We took a short cab ride to the mall in a futile attempt to return the defective camera I bought a week ago. Karen stocked up on quinoa and we all bought more chocolate. We’re staying in a small windowless room at La Rabida. It doesn’t look like a good neighborhood to walk around in at night, so we ate at the hotel. It was quite tasty. I was so tired that I fell asleep before Nancy was done showering.
Monday (June 9)
I didn’t sleep well, primarily due to hot flashes and itchy sunburn and/or bug bites. Nancy got up before 5:00 for her flight back home to Colorado and that was the end of sleep for Karen and me. We caught an early cab to the airport, only 45 minutes at this time of day. (Did they really need to put the new airport so far from town?). We were greeted by a band, news crews, yellow balloons, and lots of electrical cords running all over the place. Rather than celebrating our departure to the jungle, everyone was excited about the Ecuadorian football (a.k.a. soccer) team departing for the World Cup.
Our flight to Coca only took a half hour. While waiting for our boat, we spotted what I hope is only the first of many monkeys, scampering across a railing. We joined eight other travelers for a two-hour ride in a motorized canoe down a liquid super highway, Rio Napo, which flows southwest to Peru and joins the Amazon River. We sped along, slowing occasionally, perhaps to avoid half sunken logs, and passed many colorful barges. The clouds were amazing, and slowly darkening.

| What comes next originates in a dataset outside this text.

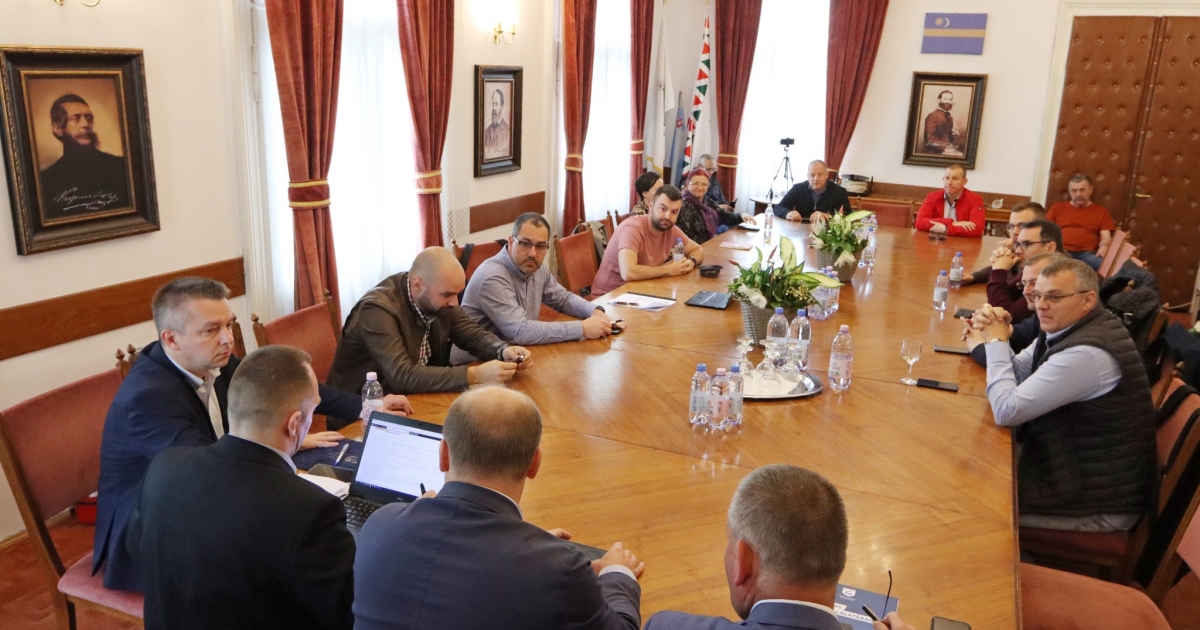 Meg kellene csókolja az egész hivatal a... Botrányba fulladt az udvarhelyi tanácsülés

We then walked about 15 minutes on a boardwalk through a swamp, the jungle engulfing us – numerous unseen birds and insects, the smell of damp earth, and warm sweat-inducing humidity. Next we climbed into a dugout canoe for a paddle up a small tributary to Sani Lodge, where we are staying near Yasuni National Park. Everyone fell silent in awe of our surroundings.
We were greeted with a delicious fruit drink and appetizers, assigned to cabins, and given a couple hours to relax before rejoining the group for orientation. We used the time to reorganize our bags, and now to catch up on this blog while listening to the sound of the downpour which just started.
The rain ended just in time for a late afternoon ride around the lagoon. This place is magical; I’ve never experienced anything like it. Words cannot describe. As I’m finishing this entry, I’m sitting in our screened cabin listening to the whoop whoop whoop of a frog and a chorus of other sounds. It will be an interesting night.